According to the council of experts concerning the Corporate Governance Code, the Code aims to facilitate and improve 'growth-oriented governance' by promoting timely and decisive decision-making that is transparent and fair. Companies' need to be held accountable in discharging the responsibilities that they owe their shareholders and stakeholders.
This perspective is based on the view that, without properly functioning corporate governance, management's decision-making processes will not be protected; if not so protected, management is likely to make risk-averse decisions for fear of being held responsible for any unfavourable outcomes. The intent of the Code is to remove these perceived constraints, and to create an environment in which healthy entrepreneurship is nourished and management is able to make full use of its capabilities.

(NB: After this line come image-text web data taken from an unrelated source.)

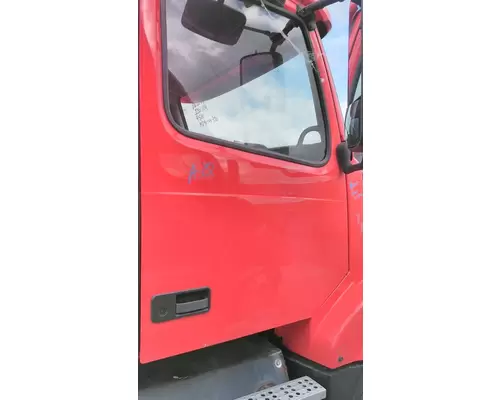 VOLVO VNL 1999-2025 DOOR ASSEMBLY, FRONT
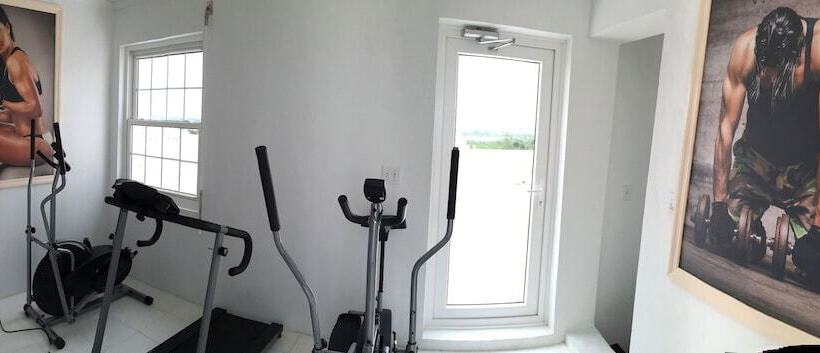 בית מלון כפרי Ocean West Boutique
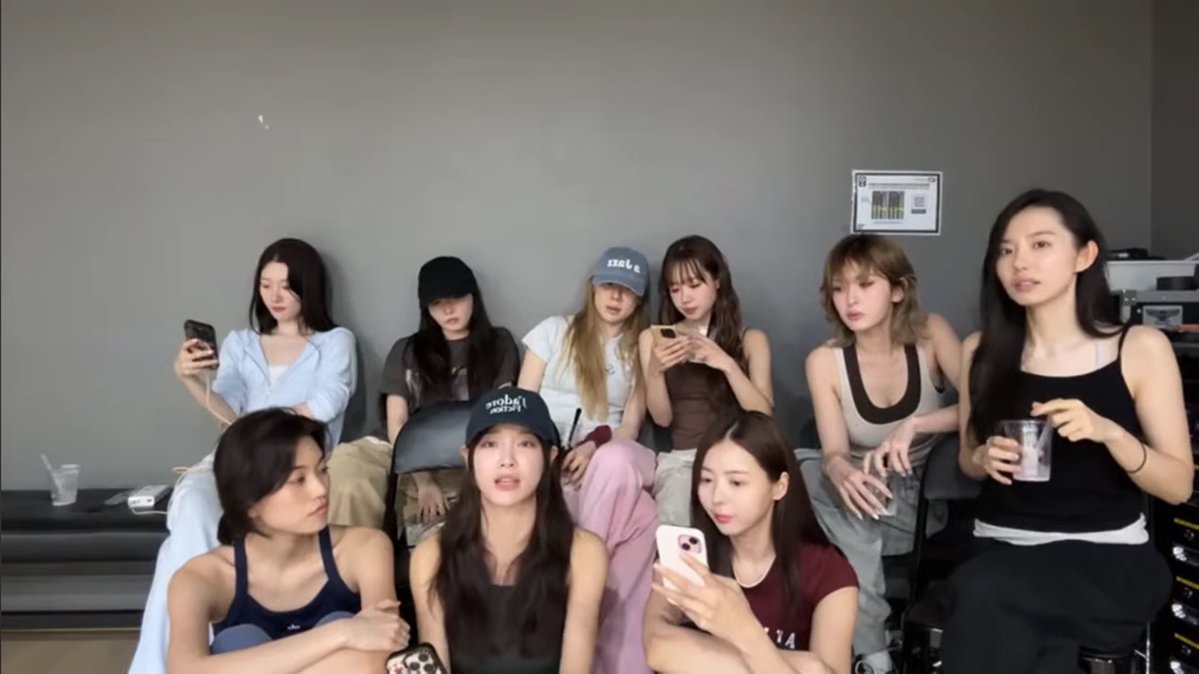 พี่เซจองบอกในไลฟ์

“อะไรที่เมื่อ 10 ปีก่อน แฟนคลับไม่ได้ รอบนี้ ไโไ เอากลับมาทำให้หมดเลย คาดหวังได้เลย ตั้งใจกันมาก”

มาละ วง 10 ปี เขาพร้อมจะทวงคืนทุกอย่างแล้ว #IOI #아이오아이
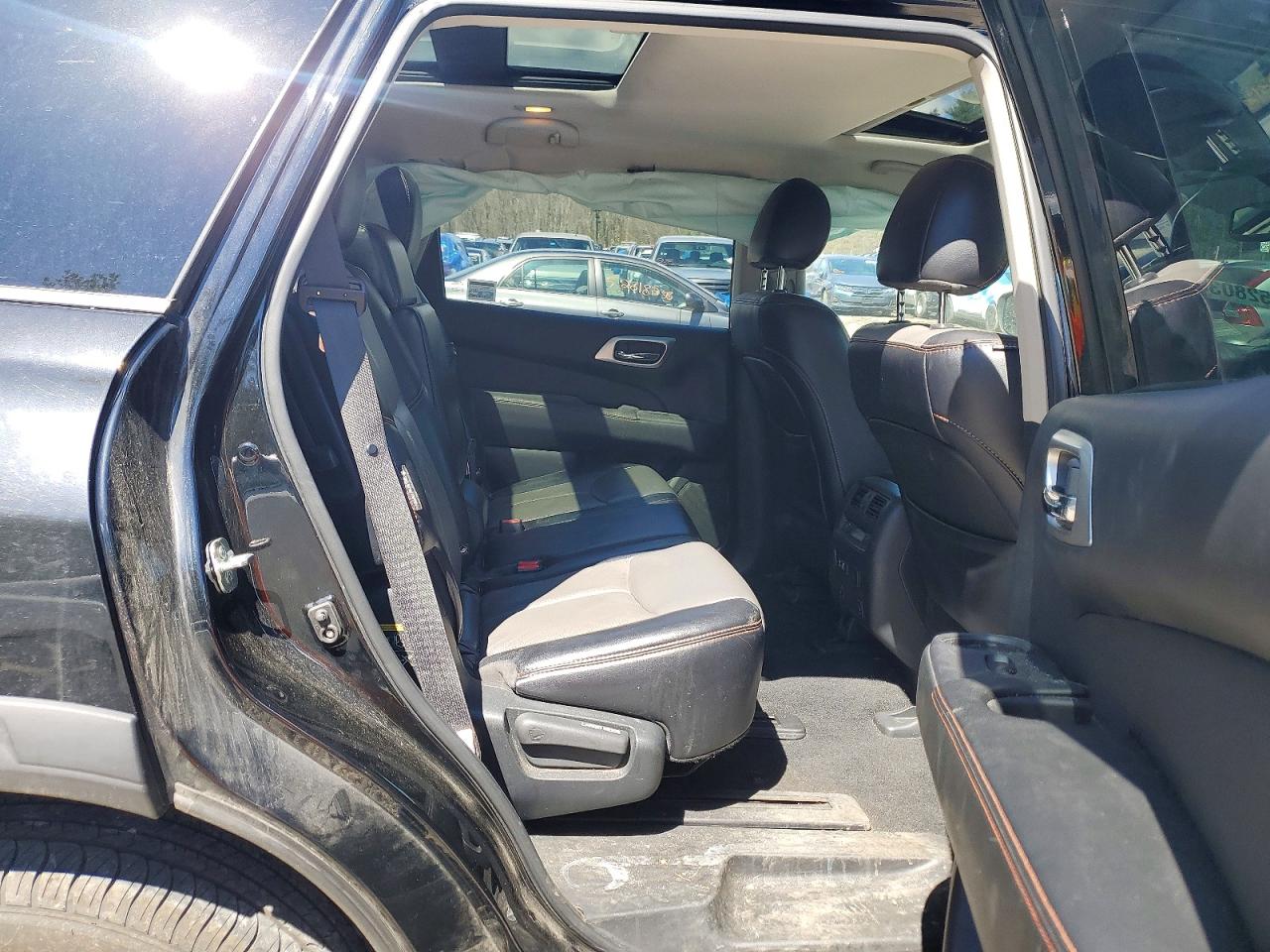 Nissan Pathfinder Sl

The Code adopts a principle-based approach, which requires each listed company to make its own determination on whether each action that it takes is pertinent to the principles described in the Code. In addition, the Code also adopts a comply or explain approach, under which each listed company can either: (i) comply with the principles in the Code; or (ii) if it determines that it is not appropriate to comply with any principle in the Code, in view of its prevailing circumstances, provide an explanation for such non-compliance. The specific provisions of the Code, which consist of General Principles, Principles and Supplementary Principles, may be found by referring to the provisional translation of the Code that is published by the TSE (www.jpx.co.jp/english/equities/listing/cg/tvdivq0000008jdy-att/20150513.pdf).
If the listed company does not take action that is subject to the principles in the Code, or fails to explain its non-compliance with any principle in the Code, the company will be subject to sanctions imposed by the TSE.